In addition to the evidence of His works, Jesus had other proof that He is the Son of God. At important times in His life, He was called the Son of God by the Father Himself and by others:
1. The Annunciation: The angel Gabriel told the virgin Mary that her son would be called "the Son of God". (Luke 1:32,35)
2. The Baptism: God's voice from heaven proclaimed: This is my Son, whom I love." (Matthew 3:17, etc.)
3. The Transfiguration: God's voice once again proclaimed: "This is my Son, whom I love. Listen to Him." (Mark 9:7, etc.)
4. The Crucifixion: The Roman centurion and his men confessed at the time of Jesus' crucifixion: "Surely he was the Son of God!" (Matthew 27:54)
5. The Resurrection: St. Paul writes that Jesus' resurrection from the dead declared Him to be "the Son of God". (Romans 1 :4)
Others in addition to God Himself, His angel, and the Roman soldier proclaimed that Jesus is the Son of God. Madmen and even unclean spirits confessed to Jesus: "You are the Son of God." (Mark 3:11; cf. 5:7; Matthew 8:29; Luke 4:41; 8:28) . Jesus' disciples also confessed that He is "the Christ (Messiah), the Son of the living God" (Matthew 16:16; cf. 14:33). Jesus, as a true Son, preferred to give glory to His Father, but He too would not deny His Sonship (Matthew 26:63f.; Mark 14:62; John 10:36). Of interest in the first two of these passages (and others) is the close association between the terms "Messiah" and "Son of God".
It is also interesting to note how closely Jesus' Sonship is associated with His suffering (Romans 5:10; 8:32; Galatians 2:20; Hebrews 5:8; 6:6) . When Jesus was famished after a long fast, the tempter said to Him: "If you are the Son of God, tell these stones to become bread" (Matthew 4:3, etc.). When Jesus was in agony on the cross, the passersby mocked Him and said: "Come down from the cross, if you are the Son of God!" (Matthew 27:40). These speakers forgot that Jesus is the Son of God. God, who seeks and serves and even suffers to save those whom He loves, the people of the world. He is not the son of some earthly king, who must show his might and save his pride by appearing to be victorious in the eyes of the world, according to the world's standards. It was just because He is the Son of the God of love that He would not use His power for selfish purposes but perfectly fulfilled the will of His Father, who chose to reveal Himself and His love to all men through His suffering Servant/Son.
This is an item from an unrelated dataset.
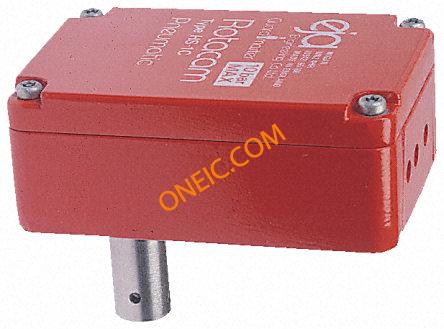440H-P03035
Even a casual reading of the verses cited above would show that the use of the term "Son of God" with reference to Jesus is different in both quality and extent from the other uses mentioned previously. Others were graciously chosen by God as His adopted sons; the Son is in the Father eternally. Others obeyed the Father, though imperfectly; Jesus the Son obeyed Him perfectly, without sin (Hebrews 4:15) . Sons should be like their father, but only Jesus was perfect like Him in His goodness, giving Himself completely for Him and His people. The Father has entrusted all judgement to the Son alone, "that all may honour the Son just as they honour the Father" (John 5:22,23). Only the Son gives life as the Father gives life (John 5:21). For was the Father has life in Himself, so He has granted the Son to have life in Himself" (John 5:26). The Son is obedient to the Father, with the will of the Father becoming concretized in the way of the Son; but the Father also listens and gives heed to the Son (John 11:41-44). Thus there is a sharing of power, authority, knowledge, glory, and kingship which indicates a relationship of equality and mutuality between the Two who are One. About what people, what angel, what king, what pious man could it be said: "In these last days God has spoken to us by the Son whom He has appointed heir of all things, and through whom He made the universe. The Son is the radiance of God's glory and the exact representation of His being, sustaining all things by His powerful word"? (Hebrews 1:2f.)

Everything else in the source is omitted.